Data supplied —
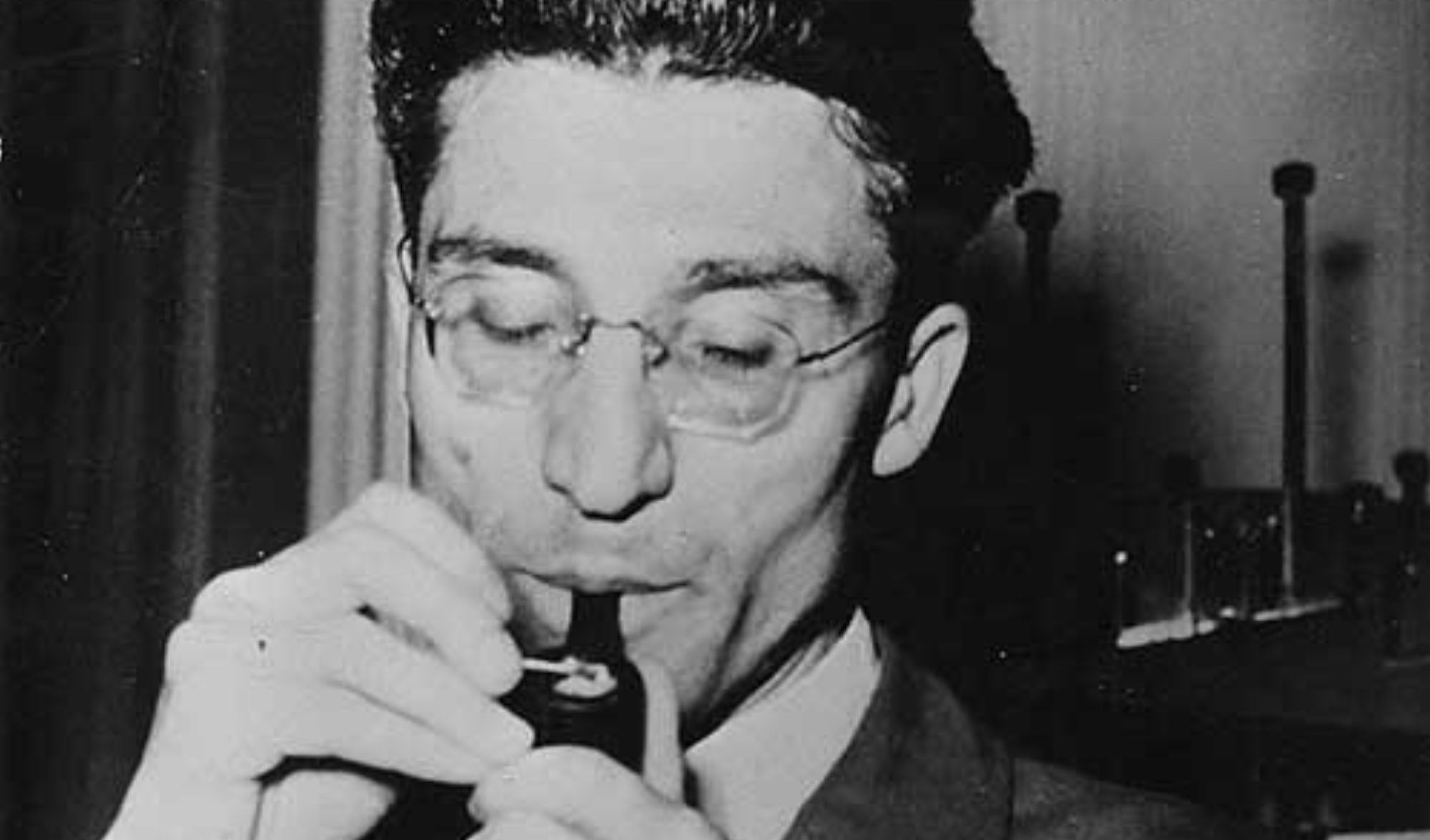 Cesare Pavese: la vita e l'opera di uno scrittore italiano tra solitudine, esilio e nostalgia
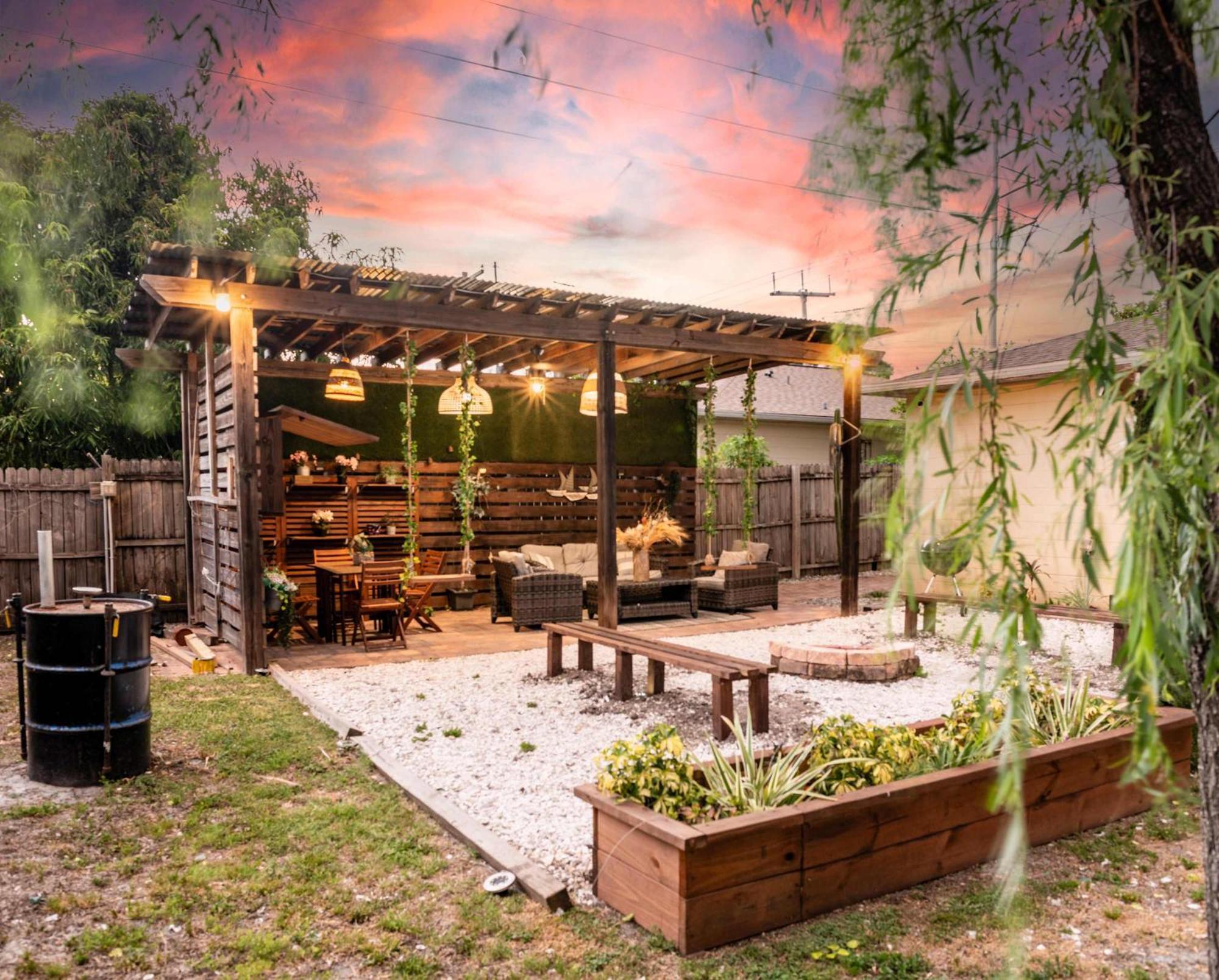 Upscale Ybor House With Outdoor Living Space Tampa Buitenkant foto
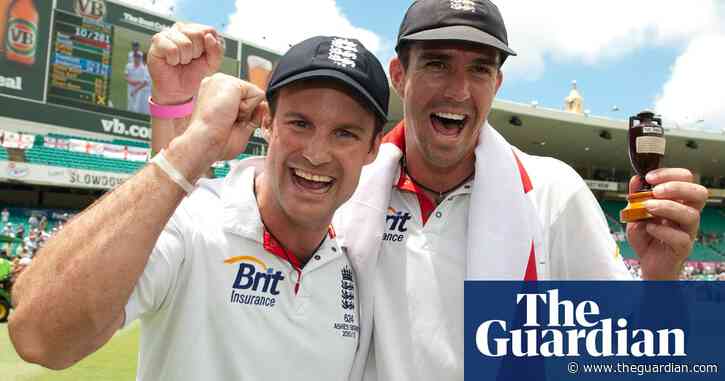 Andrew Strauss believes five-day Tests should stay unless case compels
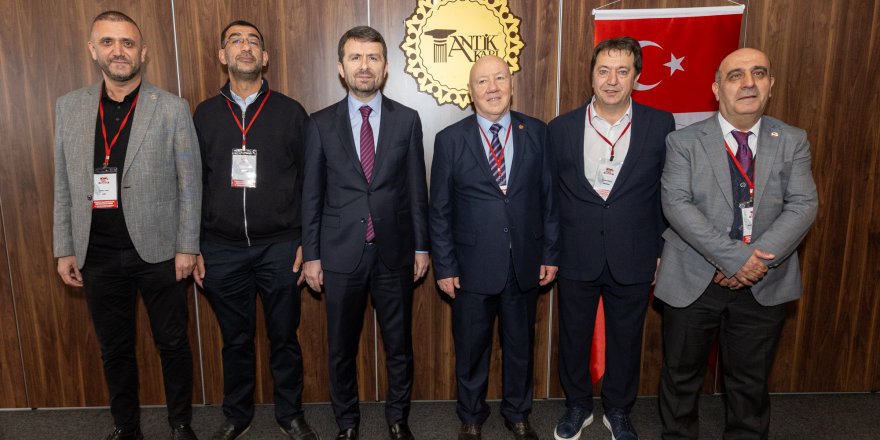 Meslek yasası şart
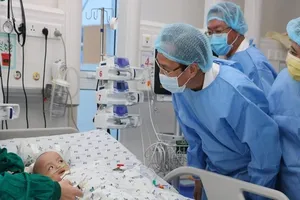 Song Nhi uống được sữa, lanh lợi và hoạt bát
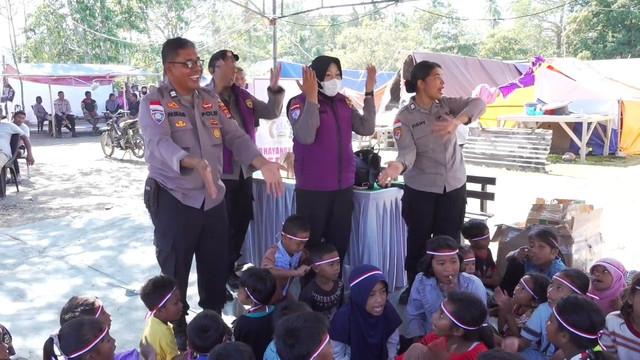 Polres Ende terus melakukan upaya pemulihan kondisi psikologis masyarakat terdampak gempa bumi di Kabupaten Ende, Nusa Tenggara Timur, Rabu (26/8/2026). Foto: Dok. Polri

Task item —
Line by line, give the material above again exactly, but without any pictures.

Response to this exercise —
 Cesare Pavese: la vita e l'opera di uno scrittore italiano tra solitudine, esilio e nostalgia
 Upscale Ybor House With Outdoor Living Space Tampa Buitenkant foto
 Andrew Strauss believes five-day Tests should stay unless case compels
 Meslek yasası şart
 Song Nhi uống được sữa, lanh lợi và hoạt bát
 Polres Ende terus melakukan upaya pemulihan kondisi psikologis masyarakat terdampak gempa bumi di Kabupaten Ende, Nusa Tenggara Timur, Rabu (26/8/2026). Foto: Dok. Polri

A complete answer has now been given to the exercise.